Ma più di tutto mi stupisce che persone che non hanno i paraocchi non scrivano QUI ED ORA, un pezzo intitolato: “toh, dieci anni fa il Granma faceva il titolo a tutta pagina per annunciare l’arrivo di un viceministro dello Swaziland, mentre in questo momento a Cuba ci sono capi di Stato che rappresentano più di due miliardi di abitanti”. Oggi a Cuba per la cumbre del NOAL c’è il primo Ministro indiano Manmohan Singh, oltretutto sicurissimo democratico, del partito di Gandhi! Vogliamo veramente descrivere l’erede di Nehru come un collaborazionista del perfido Fidel? E’ più comodo glissare la notizia o non avere spazio. C’è Pervez Musharraf, dittatore del Pakistan, che democratico non è per niente, ma che ha relazioni carnali con George Bush! Trovo strabiliante tutto questo, quasi come trovo strabiliante che non sia uscita una sola riga sul fatto che Cuba, a fine luglio, abbia firmato un accordo commerciale con il Mercosur e che questo è il primo accordo commerciale che Cuba firma dalla morte del Comecon. Probabilmente qualcuno sosterrà che è un accordo irrilevante, ma perché sono stati usati fiumi d’inchiostro per descrivere l’isolamento di Cuba e adesso non viene scritta neanche una parola sulla fine (irrilevante?) dello stesso?

Lo domando di nuovo ad Omero Ciai, non è il caso di scrivere un pezzo sulla fine dell’isolamento internazionale di Cuba? Mica si può scrivere solo di quello che ci fa piacere.

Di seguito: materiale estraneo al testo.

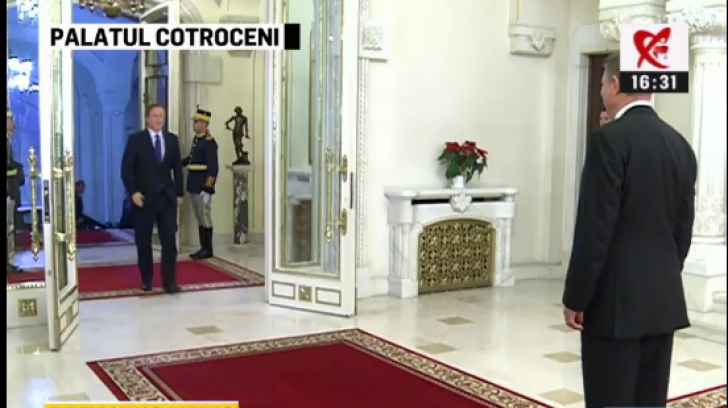 David Cameron a ajuns la Palatul Cotroceni, unde a fost întâmpinat de Klaus Iohannis 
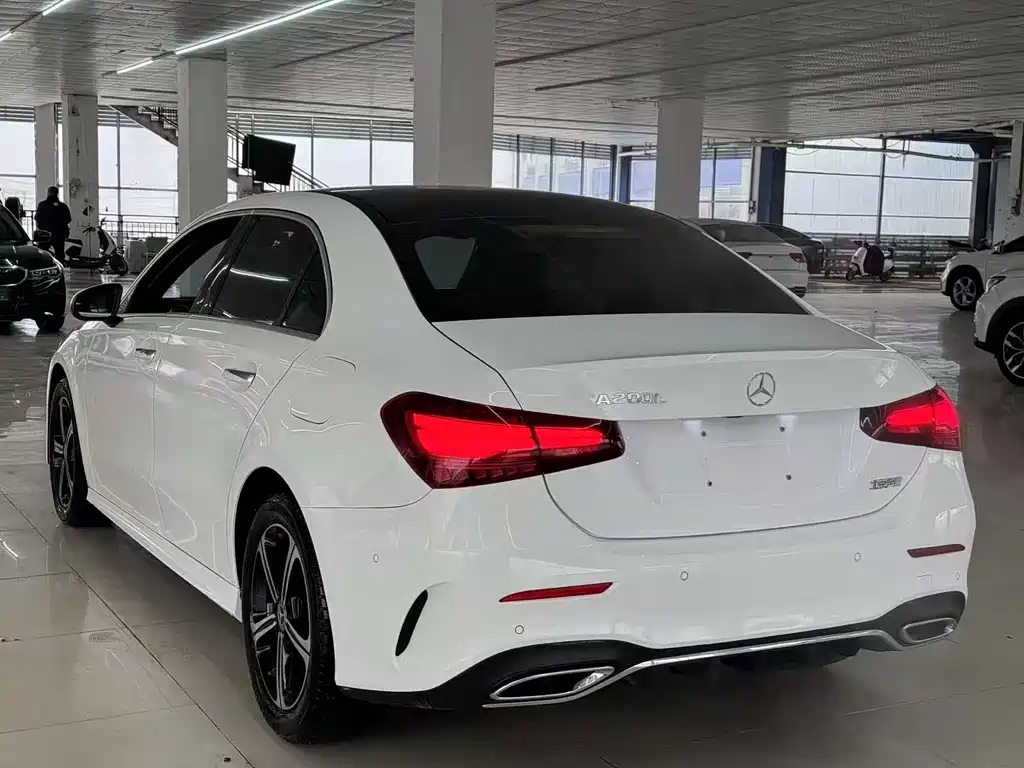 MERCEDES-BENZ A CLASS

La conseguenza paradossale di tutto questo è che le due cosette in croce che ho detto ieri mattina a Radio3mondo RAI, (c’è la registrazione qui), devono sembrare dette da un marziano a chi si informa in Italia, dalla TV alla stampa (dal Secolo d’Italia a Liberazione fa più o meno lo stesso). Non dico niente di straordinario, dico cose che sono patrimonio comune in tutti gli ambienti e paesi diversi che frequento in America Latina, universitari, giornalistici, ma non solo. Cose sulle quali ogni giorno in America Latina vengono scritti decine di articoli e pubblicati decine di libri l’anno, vengono sistematicamente tergiversate dall’Italia. A che pro? Alla fine penso che la spiegazione più facile sia la pigrizia mentale di chi scrive unita a quella di chi legge, ma questo tergiversare per me è veramente un mistero. Molto più misterioso del fatto che la rivoluzione cubana sia ancora lì.